Following suit, my blog post is going to be mostly concerned with the assigned reading chapter in DeVoss' Because Digital Writing Matters. That being said, this chapter was, as I see it, a lot more informative in the way teachers can address the use of technology in class, especially when considering assessments or standards fit for the classroom and school. As DeVoss points out, this is a vital topic, as "there is no escaping the fact that the proliferation of new digital tools is happening concurrently with a strong national and state accountability movement that emphasizes standards and assessment as the centerpiece for educational reform" (89).
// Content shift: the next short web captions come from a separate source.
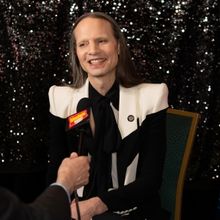 Video: Meet the Tony-Nominated Producers of 2023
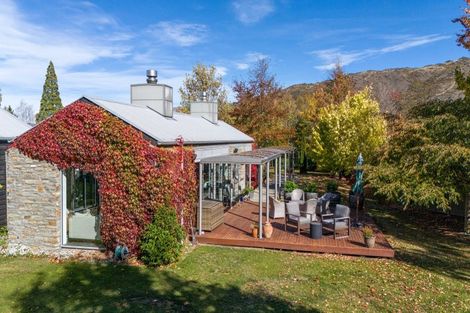 Photo of property in 5 Lantern Way, Clyde, 9330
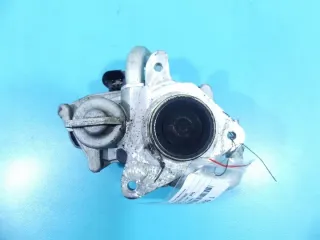 04L131501S IMPRK1351477, Клапан EGR Seat Leon 3 Арт e10116794, вид 3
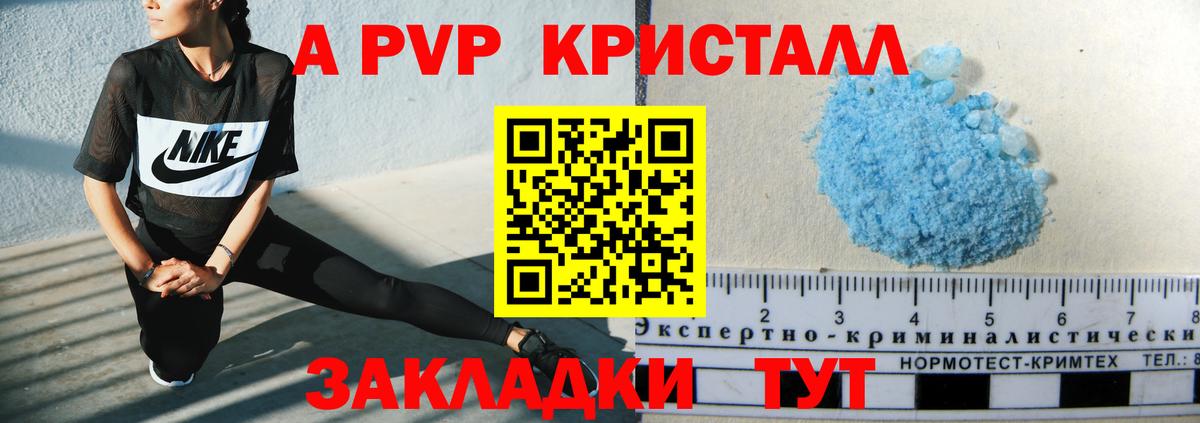 А ПВП СК Заинск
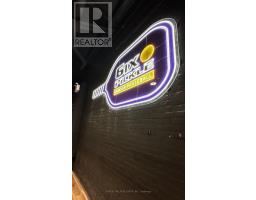 201 - 284 King Street E, Toronto, ON M5A1K4 Photo 18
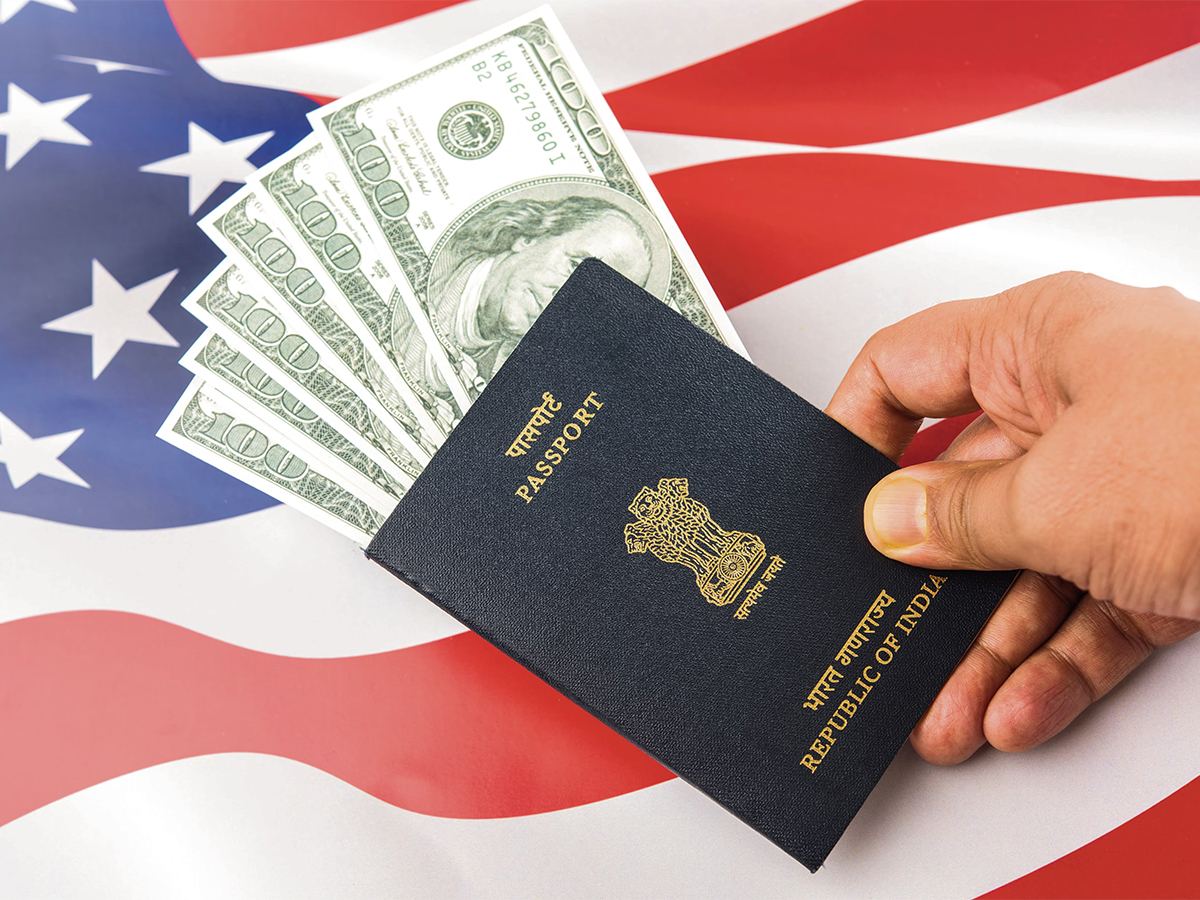 H-1B visa controversy, US firms hiring bias, H-1B job discrimination, Indian workers in USA, H-1B visa holders preference, H-1B visa hiring trends, H-1B visa restrictions, Indian employees in US, H-1B skilled labor, US job market bias, H-1B immigration policies, US companies H-1B hiring, H-1B visa favoritism, Indian tech workers USA, H-1B salary issues, US work visa controversy, H-1B visa abuse, H-1B job market challenges, Indian IT professionals in USA, DOJ H-1B investigation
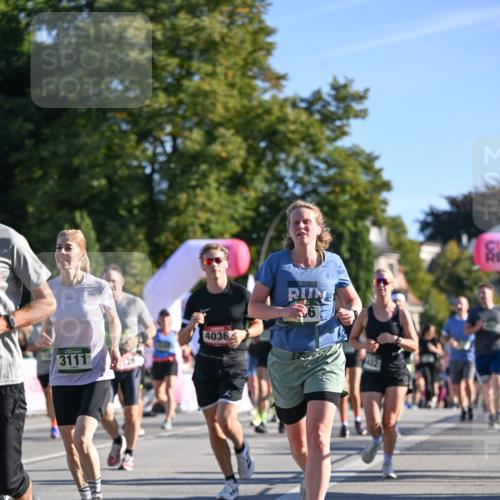 07.09.2025 - BARMER Alsterlauf Dr. Thomas Lammeyer http://msf.ph/oto/8711314 07.09.2025 09:38:58 Laufen 3111, 4036, 024, 6, 402 meine-sportfotos.de
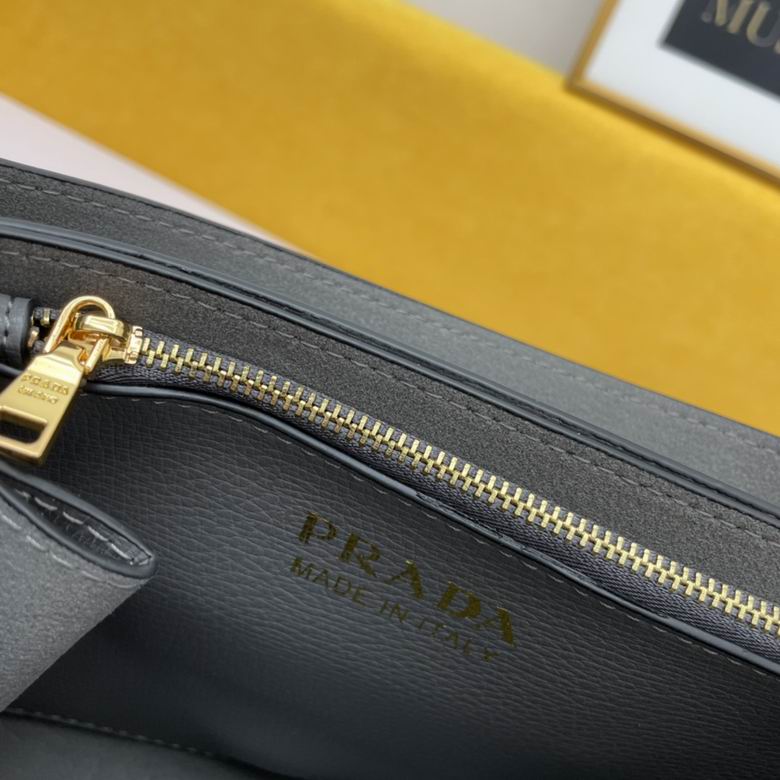 2103 27X17X10cm XM 7色 10_ (8)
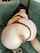 amateur babe anal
In developing these standards, DeVoss mentions the names of many impressive organizations and their goals, but many of these groups are external to the school. While I agree that our students need to develop and practice twenty-first century skills that will open academic and career paths for them (I'm reminded of the video "A Vision of K-12 Students Today" I once saw - linked below), it really does come down to the individual school. For instance, there was a teacher in one of my last grad courses who worked at a school that purchased iPads for each of their students. Teachers at that school were expected to make use of these tools in their lessons so that students could practice twenty-first century skills and digital literacy. However, the school I work at would never be able to afford such an expense. If standards and assessments were created at the state or national level, is there a way to properly equipped each student with the necessary tools to meet those standards and succeed on assessments? Also, are we, as teachers, properly trained to educate these students in the ways of technology? I know of many teachers that still scoff at the idea of PowerPoint, having their notes for the day plastered on a projected Word document. The only kind of technology training that my school offers is an optional lecture or two during our last PD day.
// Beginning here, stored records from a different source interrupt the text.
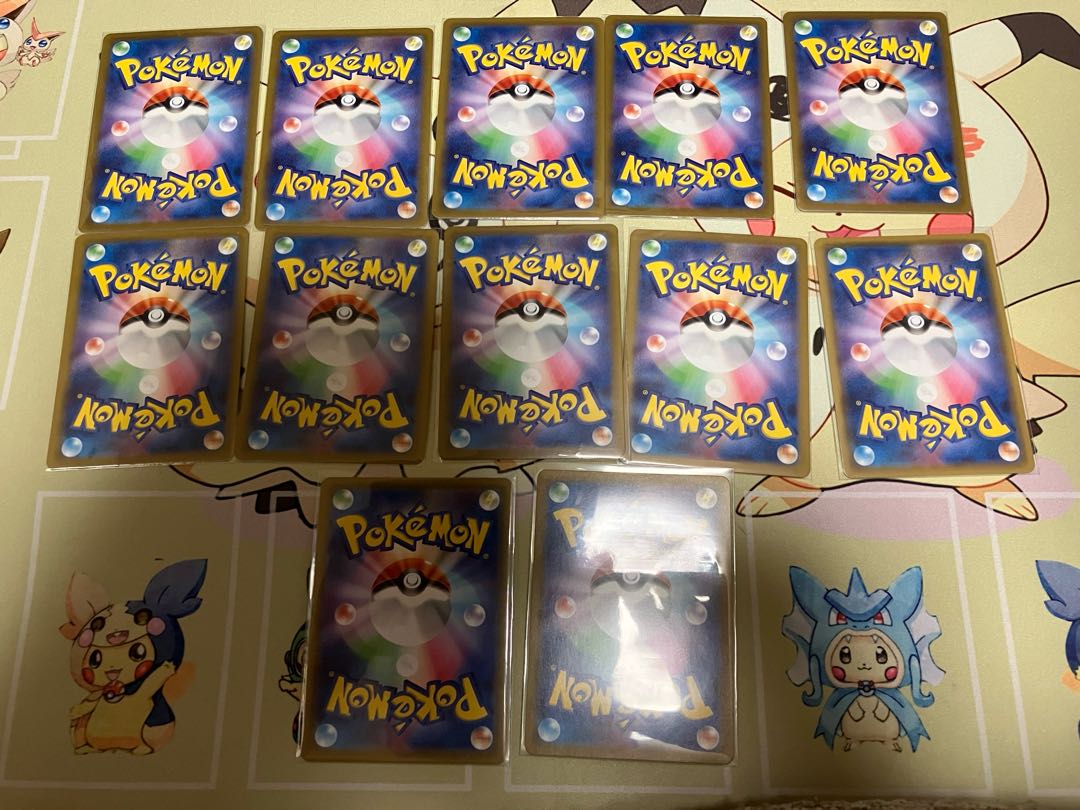 【ポケカ買取専門様】専用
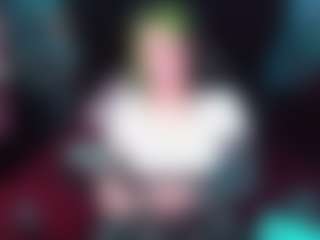 Sallylynn's Live Sex Cam Show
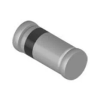 30V Diode and Rectifier - 284-BA679-GS08 - ERSAELECTRONICS PTE. LTD.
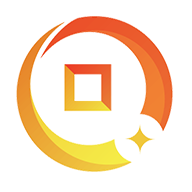 Ƕapp-Ƕ v1.0.62 ֻ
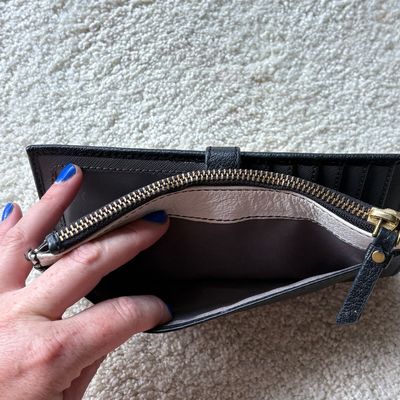 Collection of Women's Bags Ft. Anne Klein (MBB-SF)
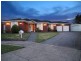 9 BURNLEY Court, Greenvale VIC 3059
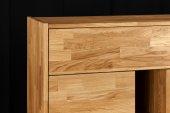Chest of drawers VIGO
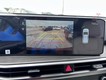 2025 Kia Sorento X-Line EX thumbnail image 22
My school has about 2,000 students and limited computer labs. This year, my school introduced the math and literacy tests i-Ready. This computer-based assessment was created to see if students are prepared to move on to the next level of math or English for the following year. Unfortunately, there were huge problems that should have been obvious from the start. First, the teachers were panicking because there was an immediate rush to reserve each of the computer labs. It got to the point where teachers were asking one another if students could use their classroom computer during certain periods to finish the assessment. The resources for this assessment were just not there. The other problem had to do with the students and their experience with computer-based assessments. You would assume that because this generation of students are generally exposed to technology more often than any other, that they would have little problem taking an online assessment, but the level of confusion and frustration was staggering. Many students had to schedule times to retake the exam after school with a personal proctor because they were caught cheating. Apparently, the temptation to open another tab and look up a word or passage was too much for some students - a temptation that they would not have felt had this been a paper-based test or if we had been given laptops programmed to only open certain tabs or websites.
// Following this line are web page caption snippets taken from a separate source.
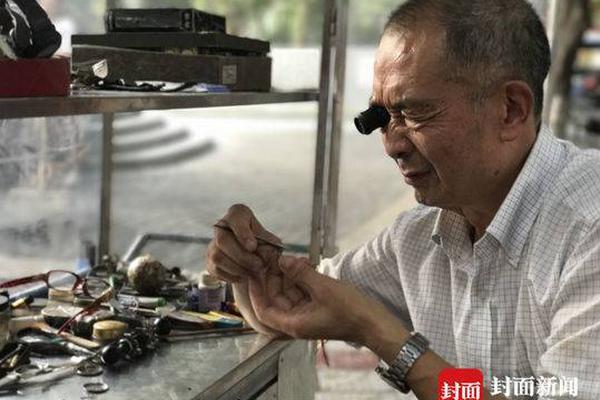 A study found that getting enough vitamin D can reduce the risk of respiratory infections by 33%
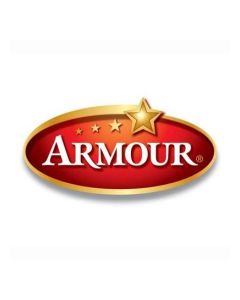ARMOUR TURKEY BREAST OVEN ROASTED 198g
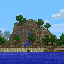 dxtrku.net - ikona serwera Minecraft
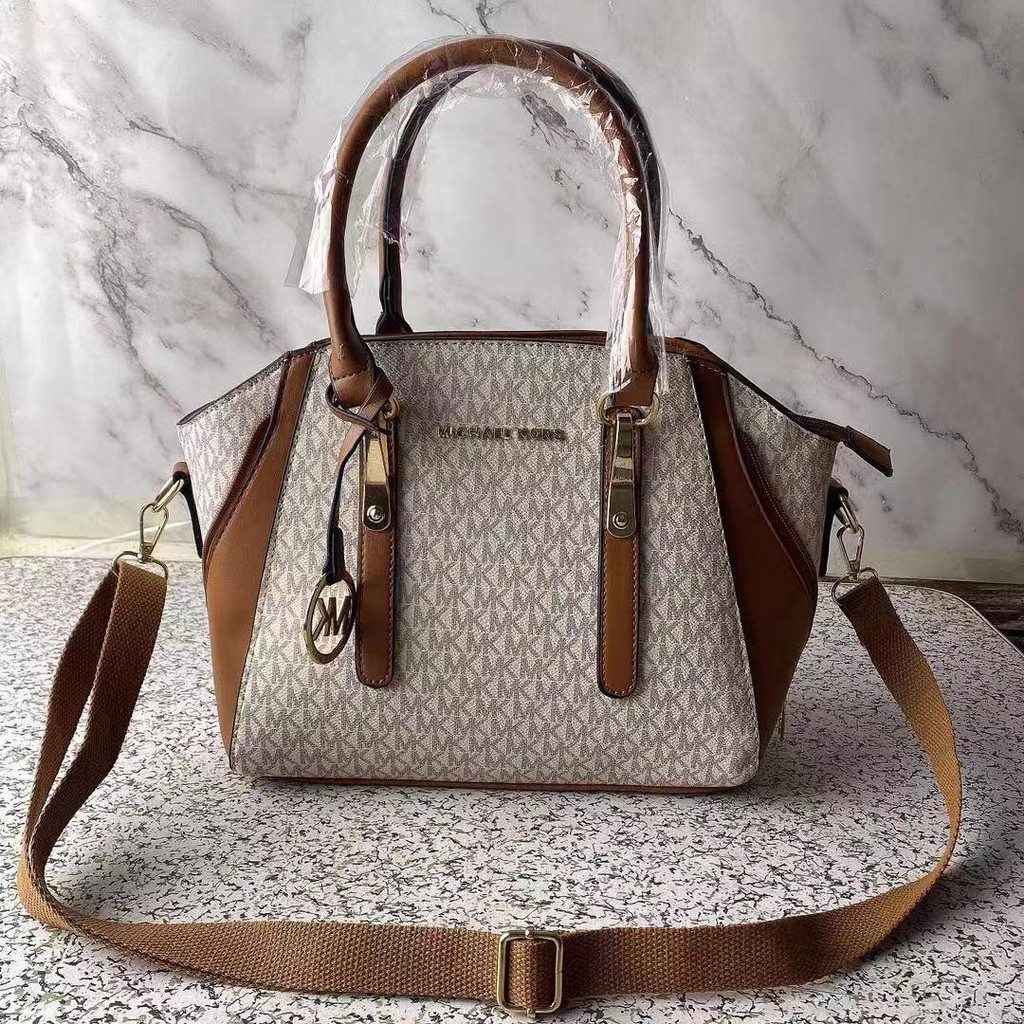 Korean bags 2021 Korean Long authentic bag bags branded champ fashion for  girls hand handbags korean kors ladies leather michael mk new on original  sale shoulder sleng slim sling white woman women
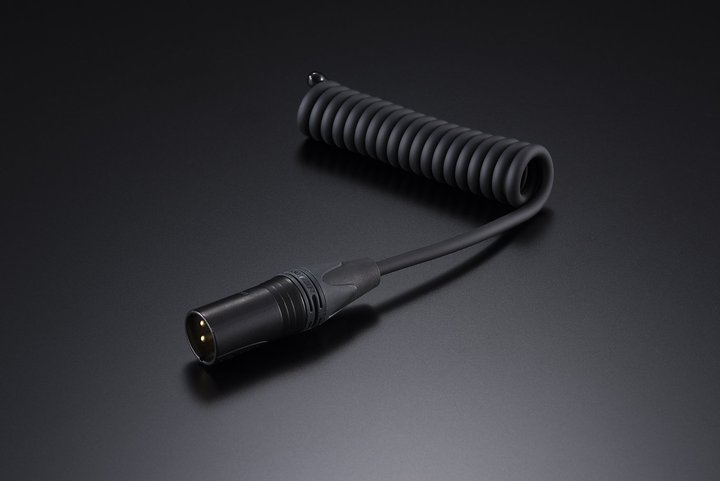 AET�A�I�[�f�B�I�@���������d�C�m�C�Y����菜���g�m�C�Y�C�W�F�N�^�[�h�uEVO-NE0510NI�v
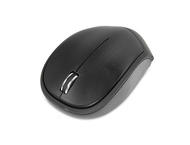 Мишки Everest SM-340, черна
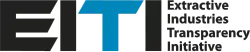 Extractive Industries Transparency Initiative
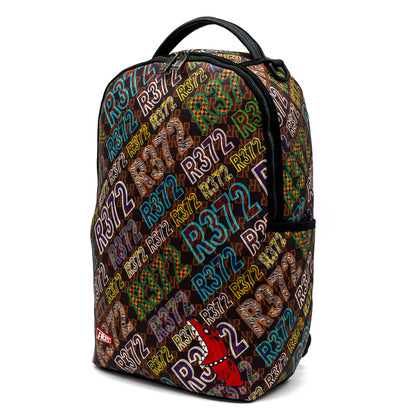 Zaino R372 POP BACKPACK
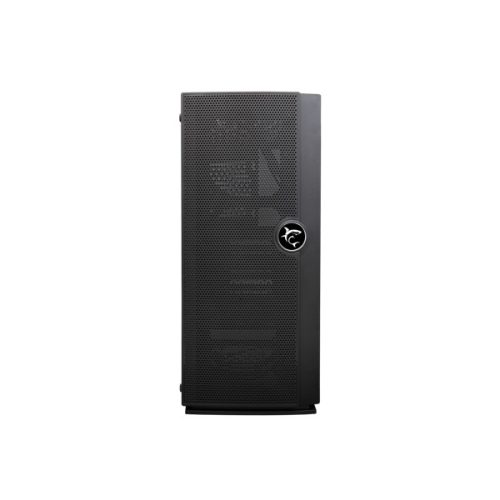 White Shark PANZER-2, GCC-2402 Számítógép ház ATX midi Tower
When I hear "new standards and assessment" for anything, digital literacy included, I groan in despair of what administration expects of us with such limited resources.
On the opposite side, how can we do right by our students if we are not properly preparing them for the future? It is obvious that technology is becoming more and more of a needed aspect in careers and even lifestyles, and the skills associated with the use of technology are just as important. Making standards and seeing if these standards are being met through an assessment seems to make sense, at least on some level, if we are to make them, as Ribble and Bailey say, global citizens (97).
Also, just to slip this in there out of interest, how do people feel about Wikipedia? It allows a certain level of collaboration, but also runs the risk of becoming overrun by false information. Should we allow our students to rely on something so shaky for academic purposes?